И Виктор Алексеевич продолжал «тянуть всю эту канитель», хотя она страшно ему наскучила. Он не только не находил уже ничего красивого и интересного в Марье Сергеевне, но одна мысль о том, что нужно к ней ехать и сидеть с ней целый вечер, уже нагоняла на него тоску и злость.

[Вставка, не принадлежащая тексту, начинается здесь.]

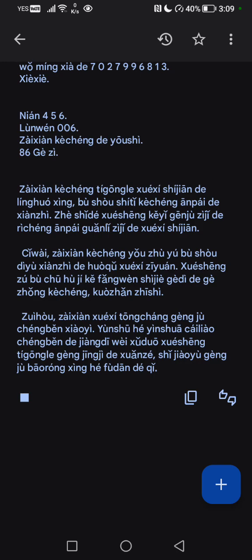在线课程提供了学习时间的灵活性,不受实体课程安排的限制。这使得学生可以根据自己的日程安排管理自己的学习时间。此外,在线课程有助于不受地域限制地获取学习资源。学生足不出户即可访问世界各地的各种课程,扩展知识。最后,在线学习通常更具成本效益,运输和印刷材料成本的降低为许多学生提供了更经济的选择,使教育更具包容性和负担得起。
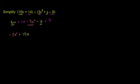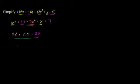And then finally you have your constant terms. 14, and then you have plus 9. So 14 plus 9 is 23. Plus 23, and we are all done. We've simplified the polynomial.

Приезжал он к Алабиным почти всегда не в духе и заботился только о том, чтобы насколько возможно сократить свой визит. Сначала это «не в духе» проявлялось у него невольно, само по себе; но потом, заметив, что Марья Сергеевна боится подобного его настроения и не осмеливается в такие моменты «приставать» к нему ни с упреками, ни с ласками, он очень обрадовался своему открытию; и с тех пор, в каком бы настроении он ни находился, но, как только звонил у дверей Алабиных и Феня открывала ему, он сразу же делал сердитое лицо и говорил уже не иначе как раздраженным и недовольным тоном. Весь дом начинал «ходить на цыпочках», Виктор Алексеевич молчал и сидел в своем углу, надувшись, а Марья Сергеевна даже приказания отдавала шепотом, как бы боясь повысить голос и тем еще больше рассердить его.
– Он не в духе, – потихоньку говорила она Фене, выходя в соседнюю комнату и обмениваясь с ней многозначительным взглядом.
В эти часы даже маленькому Коле приходилось плохо. Марья Сергеевна вздрагивала, как только он начинал плакать и кричать, и, поймав суровый взгляд Виктора Алексеевича, бледнела, поспешно вскакивала и, схватив ребенка на руки, уносила его куда-нибудь в дальние комнаты, запрещая няньке не только выходить оттуда с ним, но даже и открывать дверь.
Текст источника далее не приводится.